If you already have a happy place,
I want you to go there.
This is the place in your mind where you feel at peace.
It's interesting.
I am a beach person.
I love the beach,
But yet my mind created space is in a meadow,
Top of a hill.
And when I need to go away into my mind,
I go to this place,
Just this peaceful meadow.
Create your space.
This is your mind space,
The place you escape to when you close your eyes,
Clear your mind and focus on your breathing.
This is your escape when anxiety visits you.
Let's take a few moments and stay in this space.

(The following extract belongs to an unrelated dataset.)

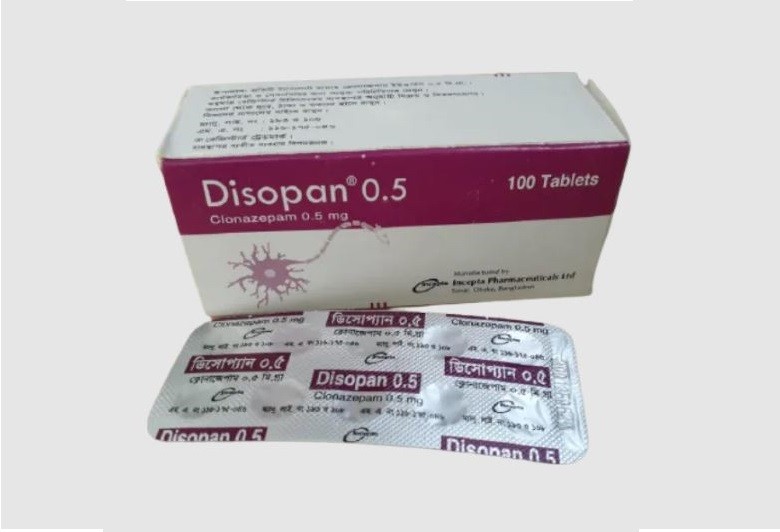 Disopan 0.5 Tablet 10's strip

Just breathe and focus on the calm and the peace.
On each inhale,
Mentally say calm slowly.
On each exhale,
Mentally say peace slowly.
Spend a few moments focusing on calm and peace.
Inhale,
Calm.
Exhale,
Peace.
Let's take a few moments.
Now,
That wherever you are,
These breathing exercises can calm you.
As I mentioned in the beginning,
Sometimes we don't know what triggers anxiety or panic attacks,
But now you have a way to respond to the situation instead of reacting.
Let's take a few slow,
Deep inhales and exhales and then return your attention to the room.
Let's take a few slow,
Deep inhales and exhales.
When you're ready,
Open your eyes.
I hope you have an amazingly blessed day and I hope to meditate with you again soon.